Когда менее чем два года спустя Советский Союз начал распадаться, многие из этих офицеров оказались служащими армий независимых государств. Они приносили присягу Советскому Союзу, и некоторые из них отказались присягать новой стране, оставив военную карьеру.
Многие из офицеров обратились к традициям. Они испытывали стыд за Россию, за землю своих отцов, за опустевшие деревни, где стоят разрушенные церкви и брошенные кузницы, за страну, которая изменилась практически до неузнаваемости, оставленную и забытую, как один из них заметил, «мной и такими, как я»{528}. Они разделяли чувства своих прадедов, офицеров царской армии, вынужденных выбирать ту или иную сторону в гражданской войне. Теперь, когда на страну, казалось, снова надвигалась гражданская война, они снова оказались перед выбором. Встать на сторону Горбачева? Или Ельцина? Или сделать все возможное, чтобы сохранить лучшие черты советской власти?
Волей-неволей они втягивались во все более запутанную и ожесточенную внутреннюю политику. 345~й гвардейский отдельный парашютно-десантный полк вошел в Афганистан одним из первых и покинул его одним из последних.
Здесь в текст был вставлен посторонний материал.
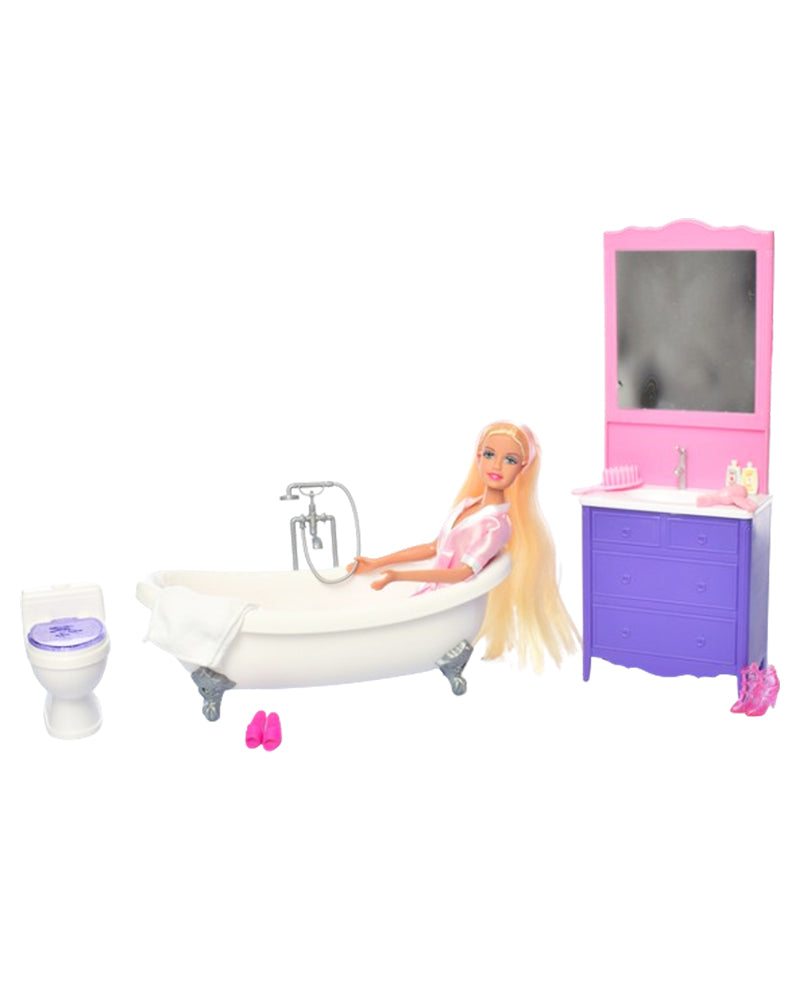 Defa Lucy Doll with Bathroom 3A+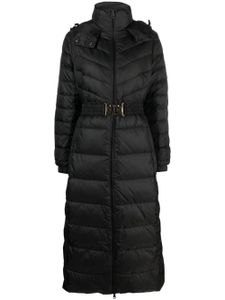 TWINSET hooded belted puffer coat - Noir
Полк перевели в Кировабад в Азербайджане, где не было ни казарм, ни автопарка, ни жилья, ни денег. В начале апреля 1989 года, всего через два месяца после ухода из Афганистана, полк срочно направили в Тбилиси для подавления антиправительственных демонстраций. Солдаты применяли газ и саперные лопатки. Погибли девятнадцать демонстрантов, большинство — женщины и девушки. Кто несет ответственность за акцию, неясно, но солдаты по большей части винили Горбачева. Москва возложила вину на грузинские власти и местных армейских командиров. Генерала Родионова, командующего Закавказским военным округом и заслуженного командира 40-й армии, сняли с должности и назначили начальником Академии Генштаба{529}. Девять месяцев спустя, в январе 1990 года, в Баку в столкновениях с армией погибли двести демонстрантов. Среди участников событий были и офицеры, служившие в Афганистане.
В сентябре 1990 года советское правительство согласилось на объединение Германии. В глазах многих офицеров это было предательством со стороны Горбачева, Шеварднадзе и других «продажных либералов», управлявших теперь страной. К тому моменту уже начался вывод войск из Восточной Европы. Осенью 1989 года один британский генерал побывал в танковой дивизии на Украине, которую вот-вот должны были распустить. Генерал-майор, командовавший дивизией, заявил ему в присутствии своих офицеров: «Некоторые уже говорят, что всю армию выбрасывают на свалку… Я согласен с ними»{530}. В следующие несколько лет ГДР и страны Восточной Европы покинули почти пятьсот тысяч советских военных и членов их семей. Солдаты вернулись в страну, охваченную хаосом и нищетой. Многим офицерам было негде жить, и они со своими семьями занимали палатки и даже контейнеры. Офицеры советовали сыновьям выбрать другую профессию.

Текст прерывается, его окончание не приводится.